### REQUIRED WORK:
From the entries below, gather each line containing the word "Game".

### PROVIDED RECORDS:
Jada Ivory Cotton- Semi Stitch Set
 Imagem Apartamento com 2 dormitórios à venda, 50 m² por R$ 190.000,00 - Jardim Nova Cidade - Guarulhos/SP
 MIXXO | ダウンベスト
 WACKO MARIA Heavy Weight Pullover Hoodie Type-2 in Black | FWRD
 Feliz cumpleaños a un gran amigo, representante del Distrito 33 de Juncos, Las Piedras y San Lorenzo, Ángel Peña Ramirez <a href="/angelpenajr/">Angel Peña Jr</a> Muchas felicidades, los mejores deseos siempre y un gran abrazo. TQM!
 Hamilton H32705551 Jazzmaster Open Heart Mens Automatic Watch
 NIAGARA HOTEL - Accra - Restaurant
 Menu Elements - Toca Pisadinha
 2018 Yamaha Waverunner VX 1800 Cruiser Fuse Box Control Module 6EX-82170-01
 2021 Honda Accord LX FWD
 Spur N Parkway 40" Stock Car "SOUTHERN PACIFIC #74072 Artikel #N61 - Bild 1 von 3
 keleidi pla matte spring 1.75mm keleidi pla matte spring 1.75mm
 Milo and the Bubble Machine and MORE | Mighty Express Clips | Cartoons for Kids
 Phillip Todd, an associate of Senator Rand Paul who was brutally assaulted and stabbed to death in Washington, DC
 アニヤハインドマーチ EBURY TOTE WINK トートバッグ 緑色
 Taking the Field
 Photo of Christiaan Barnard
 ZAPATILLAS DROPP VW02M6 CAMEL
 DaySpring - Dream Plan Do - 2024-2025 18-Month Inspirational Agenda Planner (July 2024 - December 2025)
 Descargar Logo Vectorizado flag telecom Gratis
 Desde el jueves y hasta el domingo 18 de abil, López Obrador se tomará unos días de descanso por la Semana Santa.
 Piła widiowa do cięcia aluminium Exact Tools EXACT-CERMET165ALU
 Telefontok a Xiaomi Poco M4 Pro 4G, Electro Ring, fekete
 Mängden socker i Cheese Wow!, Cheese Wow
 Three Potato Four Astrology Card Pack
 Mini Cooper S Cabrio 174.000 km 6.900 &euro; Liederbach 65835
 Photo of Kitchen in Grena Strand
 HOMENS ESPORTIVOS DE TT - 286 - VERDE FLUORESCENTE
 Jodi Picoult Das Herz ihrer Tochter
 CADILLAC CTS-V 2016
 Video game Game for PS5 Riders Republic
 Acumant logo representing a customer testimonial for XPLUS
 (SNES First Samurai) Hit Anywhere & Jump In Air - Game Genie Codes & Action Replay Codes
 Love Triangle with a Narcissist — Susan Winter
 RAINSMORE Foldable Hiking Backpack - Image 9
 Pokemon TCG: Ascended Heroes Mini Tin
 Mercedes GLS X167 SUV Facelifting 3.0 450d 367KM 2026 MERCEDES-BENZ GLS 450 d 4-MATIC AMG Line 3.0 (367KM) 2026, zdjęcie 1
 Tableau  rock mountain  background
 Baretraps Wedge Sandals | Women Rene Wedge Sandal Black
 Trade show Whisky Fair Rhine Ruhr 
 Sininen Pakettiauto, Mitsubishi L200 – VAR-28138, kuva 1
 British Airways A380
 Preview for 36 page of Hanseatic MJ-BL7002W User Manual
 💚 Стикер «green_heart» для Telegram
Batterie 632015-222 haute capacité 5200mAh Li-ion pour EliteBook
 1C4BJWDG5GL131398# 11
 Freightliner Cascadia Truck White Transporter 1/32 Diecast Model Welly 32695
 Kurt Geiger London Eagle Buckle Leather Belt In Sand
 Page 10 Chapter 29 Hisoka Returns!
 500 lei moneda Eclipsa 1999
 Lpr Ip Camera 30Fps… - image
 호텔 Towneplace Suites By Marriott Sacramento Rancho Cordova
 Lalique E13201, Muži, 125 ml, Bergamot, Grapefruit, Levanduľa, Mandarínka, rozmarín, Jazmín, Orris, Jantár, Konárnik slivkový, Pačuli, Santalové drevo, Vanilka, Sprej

### YOUR SOLUTION:
 Video game Game for PS5 Riders Republic
 (SNES First Samurai) Hit Anywhere & Jump In Air - Game Genie Codes & Action Replay Codes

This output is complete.